Exercise directions: Give the lines below again exactly, starting with the line that holds "Ella Nature Nest Luaran gambar" and going on through the line that holds "Best Pest Removal".
____
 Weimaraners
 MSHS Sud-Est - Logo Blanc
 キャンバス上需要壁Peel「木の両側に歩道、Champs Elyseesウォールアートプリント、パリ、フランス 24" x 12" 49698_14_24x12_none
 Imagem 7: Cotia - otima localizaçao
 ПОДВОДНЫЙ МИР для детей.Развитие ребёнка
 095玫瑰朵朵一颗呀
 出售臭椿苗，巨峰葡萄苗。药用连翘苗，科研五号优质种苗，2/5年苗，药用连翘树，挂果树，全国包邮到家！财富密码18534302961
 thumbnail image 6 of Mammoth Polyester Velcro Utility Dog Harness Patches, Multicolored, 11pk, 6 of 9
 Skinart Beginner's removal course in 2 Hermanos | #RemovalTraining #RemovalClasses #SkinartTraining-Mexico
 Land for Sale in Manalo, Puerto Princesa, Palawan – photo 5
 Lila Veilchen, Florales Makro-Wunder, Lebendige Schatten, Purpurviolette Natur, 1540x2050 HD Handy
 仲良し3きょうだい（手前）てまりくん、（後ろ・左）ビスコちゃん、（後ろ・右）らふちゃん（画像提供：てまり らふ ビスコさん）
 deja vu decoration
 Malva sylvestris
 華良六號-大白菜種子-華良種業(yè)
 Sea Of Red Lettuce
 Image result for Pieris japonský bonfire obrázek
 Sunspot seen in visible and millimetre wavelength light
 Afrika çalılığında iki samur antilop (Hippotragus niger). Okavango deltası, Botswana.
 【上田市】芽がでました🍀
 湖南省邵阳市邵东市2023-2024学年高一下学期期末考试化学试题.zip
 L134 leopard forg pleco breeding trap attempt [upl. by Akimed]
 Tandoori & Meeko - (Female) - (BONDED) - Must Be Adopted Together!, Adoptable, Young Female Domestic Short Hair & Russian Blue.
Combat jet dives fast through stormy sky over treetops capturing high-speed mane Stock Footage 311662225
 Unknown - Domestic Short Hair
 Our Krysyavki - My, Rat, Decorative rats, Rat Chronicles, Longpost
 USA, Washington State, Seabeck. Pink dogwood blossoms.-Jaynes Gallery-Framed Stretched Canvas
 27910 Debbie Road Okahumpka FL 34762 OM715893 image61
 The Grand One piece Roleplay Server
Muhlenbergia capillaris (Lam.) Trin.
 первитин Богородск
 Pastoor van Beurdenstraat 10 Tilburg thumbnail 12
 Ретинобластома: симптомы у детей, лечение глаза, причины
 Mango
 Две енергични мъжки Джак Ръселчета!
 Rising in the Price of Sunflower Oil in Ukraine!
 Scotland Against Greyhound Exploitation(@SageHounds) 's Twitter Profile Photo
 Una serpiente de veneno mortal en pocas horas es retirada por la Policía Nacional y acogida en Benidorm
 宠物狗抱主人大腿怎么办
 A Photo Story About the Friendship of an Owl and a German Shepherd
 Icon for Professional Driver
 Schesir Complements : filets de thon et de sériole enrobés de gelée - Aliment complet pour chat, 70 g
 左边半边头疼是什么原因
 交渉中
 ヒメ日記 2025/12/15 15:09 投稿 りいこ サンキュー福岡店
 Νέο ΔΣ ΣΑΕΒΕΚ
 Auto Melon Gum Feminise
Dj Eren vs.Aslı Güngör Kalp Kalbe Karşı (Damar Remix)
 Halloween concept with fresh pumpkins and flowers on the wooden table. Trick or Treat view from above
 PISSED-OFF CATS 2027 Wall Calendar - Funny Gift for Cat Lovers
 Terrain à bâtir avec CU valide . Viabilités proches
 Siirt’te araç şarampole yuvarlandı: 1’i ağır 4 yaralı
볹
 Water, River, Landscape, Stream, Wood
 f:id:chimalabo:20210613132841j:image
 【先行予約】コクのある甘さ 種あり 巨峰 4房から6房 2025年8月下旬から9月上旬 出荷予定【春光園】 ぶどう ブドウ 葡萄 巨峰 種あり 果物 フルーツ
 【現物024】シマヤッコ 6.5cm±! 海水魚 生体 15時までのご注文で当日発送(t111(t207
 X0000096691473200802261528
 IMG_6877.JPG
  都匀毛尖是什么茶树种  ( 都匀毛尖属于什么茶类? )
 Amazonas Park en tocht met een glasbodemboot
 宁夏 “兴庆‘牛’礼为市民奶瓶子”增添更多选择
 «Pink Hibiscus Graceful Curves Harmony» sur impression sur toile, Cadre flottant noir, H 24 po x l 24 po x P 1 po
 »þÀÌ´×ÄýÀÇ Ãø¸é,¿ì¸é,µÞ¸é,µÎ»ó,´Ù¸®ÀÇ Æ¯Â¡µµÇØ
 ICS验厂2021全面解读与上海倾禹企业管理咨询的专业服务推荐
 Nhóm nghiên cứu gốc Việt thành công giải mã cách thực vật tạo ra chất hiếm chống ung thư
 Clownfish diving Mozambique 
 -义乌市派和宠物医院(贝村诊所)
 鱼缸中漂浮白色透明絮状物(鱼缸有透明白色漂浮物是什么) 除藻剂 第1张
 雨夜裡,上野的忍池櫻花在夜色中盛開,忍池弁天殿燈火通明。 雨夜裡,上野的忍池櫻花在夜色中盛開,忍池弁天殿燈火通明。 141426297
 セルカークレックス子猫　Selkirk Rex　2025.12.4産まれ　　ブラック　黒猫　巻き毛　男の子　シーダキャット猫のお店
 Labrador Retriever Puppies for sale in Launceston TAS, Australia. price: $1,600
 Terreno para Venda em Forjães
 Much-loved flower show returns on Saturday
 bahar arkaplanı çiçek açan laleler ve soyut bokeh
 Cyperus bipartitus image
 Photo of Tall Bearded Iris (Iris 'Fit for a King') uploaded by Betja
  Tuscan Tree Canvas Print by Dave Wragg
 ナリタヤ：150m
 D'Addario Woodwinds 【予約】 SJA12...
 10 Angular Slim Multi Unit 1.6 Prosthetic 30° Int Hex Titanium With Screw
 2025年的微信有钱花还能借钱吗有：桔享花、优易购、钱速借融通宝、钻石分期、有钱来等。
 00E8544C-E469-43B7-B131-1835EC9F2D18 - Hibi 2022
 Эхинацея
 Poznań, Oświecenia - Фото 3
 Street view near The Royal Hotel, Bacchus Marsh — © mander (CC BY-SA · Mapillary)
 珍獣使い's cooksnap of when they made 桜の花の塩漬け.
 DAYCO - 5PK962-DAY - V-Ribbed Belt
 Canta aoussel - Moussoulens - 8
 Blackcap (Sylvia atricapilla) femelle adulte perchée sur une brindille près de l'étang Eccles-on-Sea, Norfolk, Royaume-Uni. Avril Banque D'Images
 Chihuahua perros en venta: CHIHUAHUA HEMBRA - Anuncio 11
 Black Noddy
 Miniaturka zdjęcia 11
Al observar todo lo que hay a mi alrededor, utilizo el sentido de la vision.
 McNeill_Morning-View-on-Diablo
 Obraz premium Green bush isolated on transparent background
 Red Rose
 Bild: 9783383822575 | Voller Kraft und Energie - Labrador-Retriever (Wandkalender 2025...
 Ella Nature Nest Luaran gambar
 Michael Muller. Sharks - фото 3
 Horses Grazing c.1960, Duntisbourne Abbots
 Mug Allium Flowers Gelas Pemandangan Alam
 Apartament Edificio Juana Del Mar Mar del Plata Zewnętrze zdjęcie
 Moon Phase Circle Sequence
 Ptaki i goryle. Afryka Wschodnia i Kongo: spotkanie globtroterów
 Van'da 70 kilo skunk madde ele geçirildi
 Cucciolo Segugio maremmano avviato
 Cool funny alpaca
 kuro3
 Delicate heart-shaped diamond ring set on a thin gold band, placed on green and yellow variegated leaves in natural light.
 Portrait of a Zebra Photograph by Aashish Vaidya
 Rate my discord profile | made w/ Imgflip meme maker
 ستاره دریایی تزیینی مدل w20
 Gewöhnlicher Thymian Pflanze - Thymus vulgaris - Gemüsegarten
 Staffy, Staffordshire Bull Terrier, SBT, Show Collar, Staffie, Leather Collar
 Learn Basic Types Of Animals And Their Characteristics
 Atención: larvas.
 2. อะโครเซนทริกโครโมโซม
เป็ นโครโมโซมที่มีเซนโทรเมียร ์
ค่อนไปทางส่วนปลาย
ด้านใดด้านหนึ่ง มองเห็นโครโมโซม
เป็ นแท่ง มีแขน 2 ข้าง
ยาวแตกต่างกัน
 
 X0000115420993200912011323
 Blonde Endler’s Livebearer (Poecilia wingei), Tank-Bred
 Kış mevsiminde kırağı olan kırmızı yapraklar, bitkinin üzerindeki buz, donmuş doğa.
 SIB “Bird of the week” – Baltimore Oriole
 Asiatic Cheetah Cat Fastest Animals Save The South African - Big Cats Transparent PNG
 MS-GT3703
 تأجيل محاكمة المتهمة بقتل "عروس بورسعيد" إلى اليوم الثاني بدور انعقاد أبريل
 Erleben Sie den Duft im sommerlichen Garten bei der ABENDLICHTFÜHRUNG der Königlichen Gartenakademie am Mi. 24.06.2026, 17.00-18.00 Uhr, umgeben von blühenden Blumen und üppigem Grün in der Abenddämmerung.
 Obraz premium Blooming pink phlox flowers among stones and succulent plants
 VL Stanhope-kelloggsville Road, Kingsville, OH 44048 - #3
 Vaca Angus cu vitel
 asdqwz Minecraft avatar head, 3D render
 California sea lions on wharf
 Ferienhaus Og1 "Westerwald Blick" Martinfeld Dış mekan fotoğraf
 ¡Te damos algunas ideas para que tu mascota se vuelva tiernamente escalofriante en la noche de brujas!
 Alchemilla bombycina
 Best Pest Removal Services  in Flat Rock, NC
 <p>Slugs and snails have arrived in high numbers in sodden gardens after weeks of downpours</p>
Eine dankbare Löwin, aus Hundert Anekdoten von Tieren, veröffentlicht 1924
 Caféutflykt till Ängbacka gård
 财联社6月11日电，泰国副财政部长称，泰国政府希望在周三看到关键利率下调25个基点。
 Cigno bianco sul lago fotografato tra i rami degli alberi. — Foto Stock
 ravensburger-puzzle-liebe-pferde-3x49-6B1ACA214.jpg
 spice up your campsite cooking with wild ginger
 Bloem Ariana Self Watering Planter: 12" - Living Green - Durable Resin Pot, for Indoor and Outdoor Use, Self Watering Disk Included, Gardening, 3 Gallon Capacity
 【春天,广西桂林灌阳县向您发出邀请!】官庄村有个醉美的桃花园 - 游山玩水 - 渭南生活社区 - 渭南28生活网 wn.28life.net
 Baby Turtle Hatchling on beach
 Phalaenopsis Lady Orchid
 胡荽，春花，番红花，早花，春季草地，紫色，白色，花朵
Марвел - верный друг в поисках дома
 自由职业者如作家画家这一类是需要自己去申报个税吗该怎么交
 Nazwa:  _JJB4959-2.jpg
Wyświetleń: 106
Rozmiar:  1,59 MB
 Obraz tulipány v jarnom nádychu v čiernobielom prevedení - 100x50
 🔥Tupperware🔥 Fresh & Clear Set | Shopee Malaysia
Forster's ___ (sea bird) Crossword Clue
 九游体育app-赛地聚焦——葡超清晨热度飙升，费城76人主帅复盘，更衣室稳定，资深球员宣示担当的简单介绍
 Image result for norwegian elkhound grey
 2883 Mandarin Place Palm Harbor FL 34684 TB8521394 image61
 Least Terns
____
Reply to the exercise:
 Ella Nature Nest Luaran gambar
 Michael Muller. Sharks - фото 3
 Horses Grazing c.1960, Duntisbourne Abbots
 Mug Allium Flowers Gelas Pemandangan Alam
 Apartament Edificio Juana Del Mar Mar del Plata Zewnętrze zdjęcie
 Moon Phase Circle Sequence
 Ptaki i goryle. Afryka Wschodnia i Kongo: spotkanie globtroterów
 Van'da 70 kilo skunk madde ele geçirildi
 Cucciolo Segugio maremmano avviato
 Cool funny alpaca
 kuro3
 Delicate heart-shaped diamond ring set on a thin gold band, placed on green and yellow variegated leaves in natural light.
 Portrait of a Zebra Photograph by Aashish Vaidya
 Rate my discord profile | made w/ Imgflip meme maker
 ستاره دریایی تزیینی مدل w20
 Gewöhnlicher Thymian Pflanze - Thymus vulgaris - Gemüsegarten
 Staffy, Staffordshire Bull Terrier, SBT, Show Collar, Staffie, Leather Collar
 Learn Basic Types Of Animals And Their Characteristics
 Atención: larvas.
 2. อะโครเซนทริกโครโมโซม
เป็ นโครโมโซมที่มีเซนโทรเมียร ์
ค่อนไปทางส่วนปลาย
ด้านใดด้านหนึ่ง มองเห็นโครโมโซม
เป็ นแท่ง มีแขน 2 ข้าง
ยาวแตกต่างกัน
 
 X0000115420993200912011323
 Blonde Endler’s Livebearer (Poecilia wingei), Tank-Bred
 Kış mevsiminde kırağı olan kırmızı yapraklar, bitkinin üzerindeki buz, donmuş doğa.
 SIB “Bird of the week” – Baltimore Oriole
 Asiatic Cheetah Cat Fastest Animals Save The South African - Big Cats Transparent PNG
 MS-GT3703
 تأجيل محاكمة المتهمة بقتل "عروس بورسعيد" إلى اليوم الثاني بدور انعقاد أبريل
 Erleben Sie den Duft im sommerlichen Garten bei der ABENDLICHTFÜHRUNG der Königlichen Gartenakademie am Mi. 24.06.2026, 17.00-18.00 Uhr, umgeben von blühenden Blumen und üppigem Grün in der Abenddämmerung.
 Obraz premium Blooming pink phlox flowers among stones and succulent plants
 VL Stanhope-kelloggsville Road, Kingsville, OH 44048 - #3
 Vaca Angus cu vitel
 asdqwz Minecraft avatar head, 3D render
 California sea lions on wharf
 Ferienhaus Og1 "Westerwald Blick" Martinfeld Dış mekan fotoğraf
 ¡Te damos algunas ideas para que tu mascota se vuelva tiernamente escalofriante en la noche de brujas!
 Alchemilla bombycina
 Best Pest Removal Services  in Flat Rock, NC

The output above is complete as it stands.